そんな2人の疑問はそれぞれの列の先頭にある受付を見ることで解決した。

「次の方、どうぞ~」
甘く、柔らかく耳に入ってくる幼さを残す可愛らしい声。
声が可愛ければ見た目も可愛い。
ピンクのワンピースのような衣装に身を包む、肩程度まで伸びたこれまた薄いピンク色の髪。
10代後半あたりの小柄な部類に入る女性が受付をしていた。
応対されている男性は、彼女の一挙手一投足にデレデレしており、彼女が微笑むたびにでへでへと野太い声が漏れていた。

「なるほど....こりゃぁ男共がこぞって並ぶはずだわ...」
「男って単純よね...」
受付の女性に惹かれて野郎どもが群がったのだろう。
その様子は綺麗な花に群がる豚の様だとチェルビーは思った。
ジトっとした目で目の前の光景に呆れ果てているチェルビーの視線は男共から受付の女性に向かう。

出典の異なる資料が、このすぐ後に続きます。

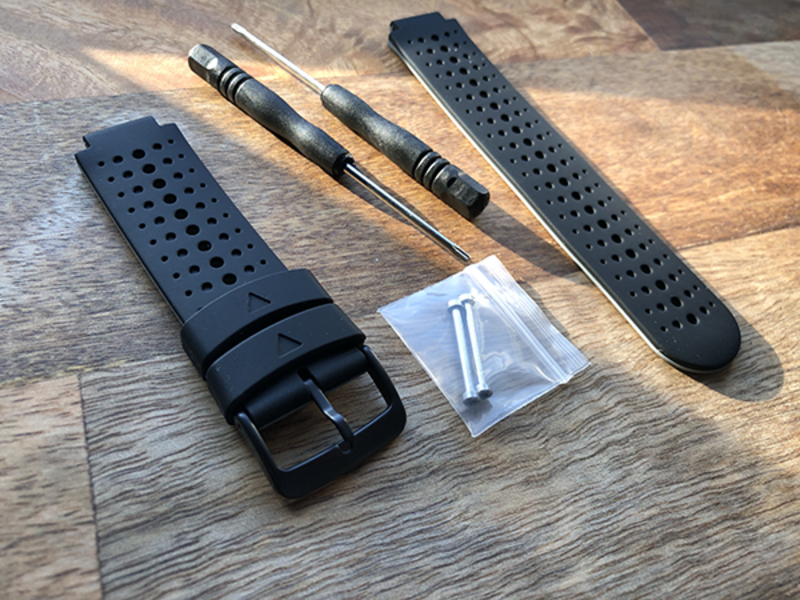 Силиконовый ремешок Perfo для Garmin Forerunner 220/230/235/620/630/735XT (черный/серый)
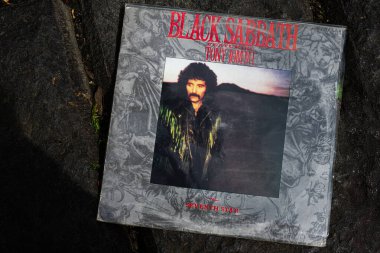 Lviv, Ukrayna - 13 Mayıs 2025: Black Sabbath 1986 albümü Seventh Star 'ın yer aldığı bir vinil albüm kapağı.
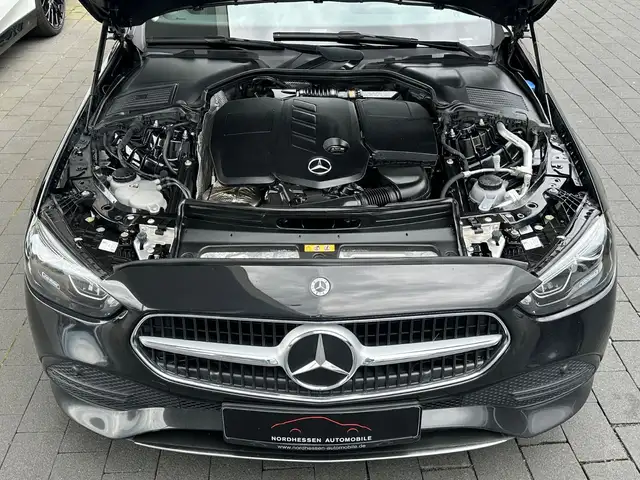 Mercedes-Benz 220 view 6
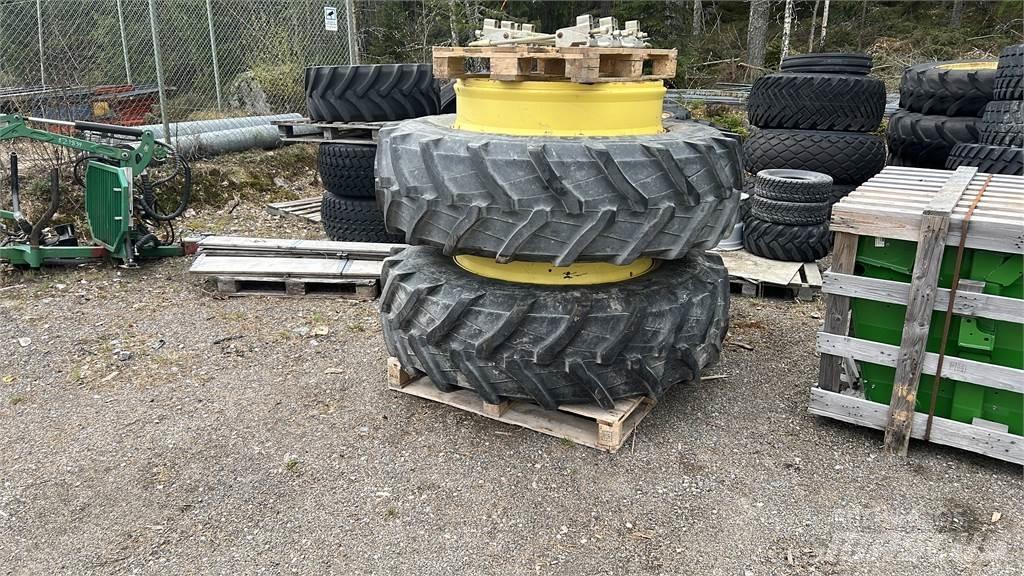 Trelleborg 520/85R42 Gume, kolesa in platišča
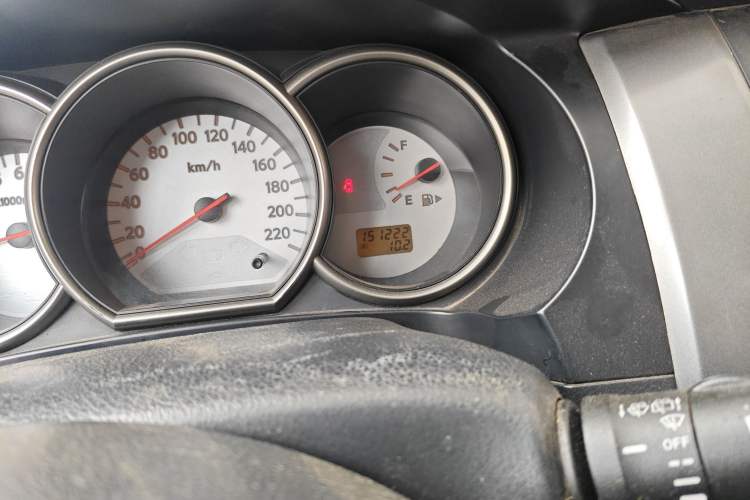 Used Nissan Livina 2010 Jingrui Edition 1.6L Manual Standard Model Odometer Close Up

「ああいう、猫なで声を常時発する"私って可愛いでしょ?"オーラ出しまくりの女は裏じゃたばこ吸ったり、野糞したりしてんのよ..」
「お前どうした? 何か恨みでもあるのか?」
「別にぃ~...何もありませんけどぉぉぉぉ~」
ぶっさいくな顔をしながらタラタラと言うチェルビーを見て、何か心当たりがあったのかジェスターはニヤニヤし出す。
「お前、あれだろ? モテモテの受付嬢ちゃんが羨ましいんだろ?...だろ?」
「別にぃぃぃぃ~。私の方が女らしいのにぃぃ~。チヤホヤされたいとかぁぁ思ってないしぃぃ~」
深い皺を顔に刻んでいき、その表情と吐き捨てる残念な言葉達。
口を開く度に女性としての尊厳を失っていくチェルビー。
うなだれる彼女の周りだけ、どんよりとした暗い雰囲気を纏っているのはその心情の表れだろう。
流石のジェスターもこれには居心地が悪い様で慌てた様子でフォローに入る。

「お前と、受付嬢ちゃんはベクトルが違うから、そもそも純粋な比較できないだろ?」
「ベクトルってなによ?」
顔を勢いよくジェスターの方へ向ける。
器用に首だけを動かすチェルビーはその表情も相まってかなり怖い。
その様子に、現状の深刻さを理解したジェスターは冷や汗を額に浮かべながら力説する。

「いいか? 受付嬢ちゃんは全ての要素が"可愛い"に向かっている。これは理解できるだろ?」
「まぁ、同性の私から見ても可愛いわね....マジで」
「その点、お前は可愛いではなく、どちらかというと美人の要素が強い。そのすらりとしたスタイル、凛々しさを感じさせる目がお前が美人よりであることを示している。つまり、可愛い受付嬢ちゃんとと美人っぽいチェルビーでは純粋な比較ができない。なので、お前が可愛い受付嬢ちゃん人気に嫉妬する必要なないんだよ。」
「ほぅ。ジェスターは私の事を美人だと思っていると...」
「おうおう、見てくれはそれなりだと思ってるよ」
ジェスターの渾身のフォローにより、暗い雰囲気が霧散した。
どうやら彼の策は成功したようだ。

「そんなに言うなら仕方ないわね。うん。うん。」
「そうだろ? それに有象無象に好かれるよりも、お前の好きな奴に好かれた方がいいに決まっているだろ?」
「それもそうね!! 私の魅力オーラが溢れてしまい、他の男どもを虜にしてしまうかもしれないけども、いつか現れる私の王子様がメロメロになってくれないと意味ない物ね!!」
気分はハイ!!
チェルビーは途端にキラキラしながら語る。

(...チェルビーの将来が不安だ。イケメンに騙されないといいけど...お?)
ジェスターが何かを発見したようだ。

「チェルビーさん、チェルビーさん。あなたの王子様候補見つけましたよ」
そういって手招きする。
その様子は、怪しい商品を売り込もうとする詐欺師のようだ。

「なによ? 今、将来のプランを王子さまと....」
ジェスターが指し示す方向は、隣の女性ばかりが並ぶ列。
先頭はピンク色のオーラに満ちていた。
男性が並んでいた列には可愛い受付嬢。
という事は、女性が列をなしているこの受付には...という事だ。
期待を込めて視線を送ると、ジェスターの言う通り、かなりの美形の男性職員が受付をしていた。
黄色い声を上げながらすぐさま隣の列に移るだろうと予想していたジェスターだが、未だに動くどころか声も上げない様子に疑問を持つ。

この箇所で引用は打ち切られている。